Comment Unpopular opinion: But this is just dangerous (Score 1) 69
Full disclosure: I design Class IIb medical equipment for a living and our (really old) manuals are on the site as well.
I really love ifixit when it comes down to tear-downs of phones or game consoles, but when I noticed last month they published these service manuals I just thought: "this is insane and really dangerous". I know due to COVID-19, repairs were difficult since access to facilities were blocked and exemptions should be made, but publishing these service manuals online so that your average washing machine repair guy can "try" and repair a medical device is dangerous.
The company I work for requires a hands-on training for all repair technicians for the devices we make, and for good reason. Most modern medical devices are complex machines which require proper tools to service and re-certify. A faulty repair can at the least compromise the "essential performance" of the device and at worst kill people. Even trained technicians screw up but at least you minimized the chance of this happening due proper training.
Besides the liability point of view (burden of proof will be on the manufacturer) this can be damaging to the general patient population.
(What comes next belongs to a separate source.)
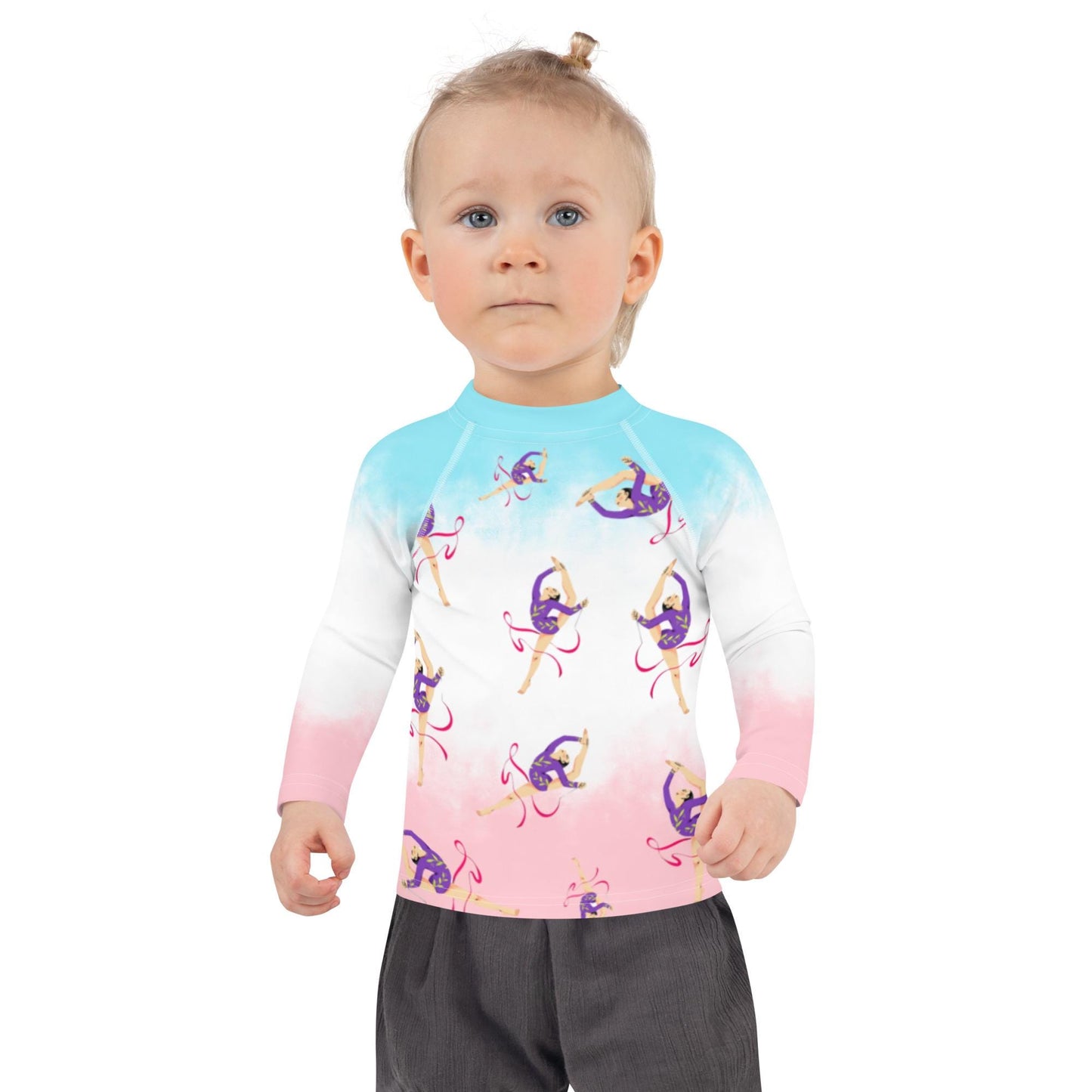 Rash guard petite fille – dégradé bleu blanc rosé - motif gymnaste danseuse - Détail maille technique, confort sur peau sensible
If the hospital or outpatient clinic decides to save money by going with the cheaper unlicensed (read untrained) service shop there is no guarantee that the repairs are done properly. Most manufacturer these days earn their money on initial sale and disposables, service is just the extra's but you get what you pay for.
Basic example: Cheap service shop repairs a medical device as a side gig but fails to properly reconnect all the Protective Earth parts during reassembly. Normally after repairs you would do a full EST review but they are a cheap shop, they skip on the expensive testing tools (like a Electrical Safety Tester) that can test stuff like patient leakage or Earth bonding test. Device is put back into service but accidentally zaps a operator/patient during use due unconnected PE parts. If it was Functional Earth it might not zap anyone but screw up any measurement the device needs to do (erroneous readings)
Basic example 2: John Doe (hospital tech), downloaded the service manual of a malfunctioning device. Reads the troubleshooting guide and wiggles some parts and pokes some software parameters in the service menu changing the calibration settings. YaY,
the error they were experiencing goes away, back into general use. But the calibration parameters were controlling the flow control of an IVU. Its now give double the output that the is shown on the screen. Nobody will know, since they tech does not have a flow control calibration tool.... until someone dies over overdose.
Would you want to have an untrained tech working on a commercial airplane that you fly on and your life depends on its properly operation? I guess you wouldn't, same goes for medical equipment.
Side note, which is commercially oriented.
Service manuals usually contain complete schematics and BOM of devices for repair purposes. If your device does not heavily rely on software, your competition just got free industrial espionage handed to them making it trivial to copy your device.